According to the letter to patients, PPLA “identified suspicious activity” on its computer network on October 17.
The organization wrote it “immediately took our systems offline, notified law enforcement,” and hired a “third-party cybersecurity firm” to assist in an investigation.
The letter stated the investigation revealed “an unauthorized person gained access to our network” between October 9 and October 17 and “exfiltrated some files from our systems during that time.”
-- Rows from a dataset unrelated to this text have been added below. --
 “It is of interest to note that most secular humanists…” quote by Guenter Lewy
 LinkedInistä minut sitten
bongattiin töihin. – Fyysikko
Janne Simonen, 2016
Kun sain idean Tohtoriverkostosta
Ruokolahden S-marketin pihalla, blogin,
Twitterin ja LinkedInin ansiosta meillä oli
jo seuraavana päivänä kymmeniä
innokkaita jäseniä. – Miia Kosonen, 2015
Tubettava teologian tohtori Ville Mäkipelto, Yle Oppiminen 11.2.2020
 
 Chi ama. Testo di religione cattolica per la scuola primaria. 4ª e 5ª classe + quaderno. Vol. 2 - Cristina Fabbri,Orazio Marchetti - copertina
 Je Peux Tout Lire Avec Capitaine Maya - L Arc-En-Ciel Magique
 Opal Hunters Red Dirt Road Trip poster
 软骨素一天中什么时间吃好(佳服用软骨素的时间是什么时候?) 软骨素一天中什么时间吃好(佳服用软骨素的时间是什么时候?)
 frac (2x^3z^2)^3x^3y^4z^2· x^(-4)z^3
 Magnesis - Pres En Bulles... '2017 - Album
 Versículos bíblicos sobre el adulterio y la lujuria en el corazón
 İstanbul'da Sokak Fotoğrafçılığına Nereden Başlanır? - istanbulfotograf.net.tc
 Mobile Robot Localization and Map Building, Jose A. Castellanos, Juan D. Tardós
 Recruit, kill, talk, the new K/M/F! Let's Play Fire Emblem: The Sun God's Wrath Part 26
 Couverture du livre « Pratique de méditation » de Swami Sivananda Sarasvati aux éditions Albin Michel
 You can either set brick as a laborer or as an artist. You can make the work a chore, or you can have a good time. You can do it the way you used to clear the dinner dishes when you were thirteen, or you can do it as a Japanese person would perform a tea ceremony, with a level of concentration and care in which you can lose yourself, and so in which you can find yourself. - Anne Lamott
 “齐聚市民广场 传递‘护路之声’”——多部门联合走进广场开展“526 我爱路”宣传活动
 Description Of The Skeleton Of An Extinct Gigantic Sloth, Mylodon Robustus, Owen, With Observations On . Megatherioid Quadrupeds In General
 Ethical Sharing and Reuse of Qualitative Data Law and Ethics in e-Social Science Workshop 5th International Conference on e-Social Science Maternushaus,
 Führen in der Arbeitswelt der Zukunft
In a section of the letter titled, “What You Can Do,” Planned Parenthood told patients:
At this time, we have no evidence that any information involved in this incident has been used for fraudulent purposes. However, in an abundance of caution, we wanted to notify you of this incident and assure you that we take this very seriously. It is always a good idea to review statements you receive from your health insurer and health care providers. If you see charges for services you did not receive, please call the insurer or provider immediately.
Meanwhile, Planned Parenthood said it will “take steps to enhance our existing security measures” including “increasing our network monitoring” and hiring additional cybersecurity personnel.
“It is unclear whether the Planned Parenthood plans to pay off the hackers that stole the names, addresses, contact information and medical records of their patients,” the Daily Mail noted.